福井県の高浜原発に絡み、関西電力の経営幹部20人が、高浜町の元助役・森山栄治氏(故人)から、多額の金品を受け取っていた汚職は、どこまで解明されるのか。
関係者は、森山氏を「フィクサー、黒幕、ドン」と呼んでいた。地元の原発反対を抑え、運用をスムーズに進めるカギだったという。当時の町長、田中通氏は「関電に関しては口を出せない状態だった。どちらが町長だか」という。石川与三吉・福井県議は「森山氏のおかげで地元との関係がうまくいった。関電は頭が上がらない。生き神さまだった」と話した。元町議会議長の的場輝夫氏は「歪んだ関係の上に町が成り立っていた」
1977年、高浜原発3、4号機の建設が決まったが、工事が始まる直前の1979年、アメリカのスリーマイル島の原発事故が起こった。高浜でも反対運動やデモがあり、反対派が町長選に立候補する動きもあった。森山氏はこれを力で切り崩した。
関電からの寄付金が役場関係者の個人名義の口座に振り込まれていたと、議会で問題になった。しかし、漁協に3億7000万円、道路に5億4000万円が使われていたとして、「問題なし」とされた。この他にも、28億円もの寄付金が町に入っていた。
事故のたびに増加していく地元対策費
森山氏は87年、助役を退いて、関電の子会社「関電プラント」の顧問になった。原発関連の工事を発注する会社だが、森山氏は同時に、関電プラントから仕事を受注する会社の副社長にもなっていた。その会社はさらに地元業者に仕事を発注する。つまり、発注と受注と両方に関わったのだ。地元業者への仕事の割り振りを一手に仕切る立場になった。
地元業者が言う。「上納金」として盆暮れに最低100万円。運転手が集めに回っていたという。さらに、「仕事を取ったら数%」が森山氏へ。関電幹部への金品贈答は90年代からだった。
さらに、もう1つの出来事が森山氏の立場を強めた。2004年に起きた美浜原発事故だ。原子炉の配管が破損して高温の蒸気が噴出し、作業員5人が死亡した。関電は翌年、大阪にあった原子力事業本部を美浜町に移し、幹部を常駐させた。森山氏がそこへ姿を見せるようになった。
当時ナンバー2だったのが前会長の八木誠氏で、彼も含めて金品を受け取っていたのは、いずれも当時の事業本部の幹部である。
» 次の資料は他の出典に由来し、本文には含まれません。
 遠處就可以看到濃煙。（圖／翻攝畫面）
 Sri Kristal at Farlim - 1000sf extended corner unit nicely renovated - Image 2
「本社への栄転」「昇進祝い」に商品券、金貨・・・。断ると森山氏は怒った。
会見で岩根茂樹社長は「森山氏との関係悪化を避けて、原発の安定的な運営をしたかった」といった。断れなかったというのだ。しかし、今回わかった3億2000万円は2000年代の金品だけだ。90年代の分はどうなるのか。
「死人に口なし」元助役にすべておっ被せてウヤムヤ
2011年の福島原発事故後の原発停止で、関電は大幅な赤字に陥った。原子力発電の割合が50.9%と突出(東京電力は31.7%、中部電力は12.3%)していたことが裏目に出たのだ。社長だった八木氏は原発再稼働に全力を注ぐ。高浜原発だけで、5400億円という安全対策工事を行い、森山氏の会社だけで214億円もの発注となる。森山氏は億単位の手数料が入り、関電幹部への金品の額も増えた。
この問題を取材したNHK福井の橋口和門記者は、「金品の授受は90年代から始まり、関電は森山氏に頼り、歪んだ関係を続けていました」という。
龍谷大の大島堅一・教授は「安全第一の原発で、特定の人物が絡むと、安全性に疑問符がつく。徹底した事実の解明が必要です。しかし、第三者委でも明らかにできるか疑問」という。
自治体への国の交付金は、原発1基あたり40年間で1400億円にもなる。電力会社からは、協力金、寄付金が入る。今回明るみに出たのは、巨額の原発マネーの、ほんのおこぼれに過ぎない。元の金額が大きすぎるのだ。
これまで黙っていた人たちは、「死人に口なし」と、森山氏におっかぶせるつもりだろうか。しかし、金品が電力会社の幹部へと流れたのでは、どう考えても筋が通らない。しっかりと口を開いてもらおう。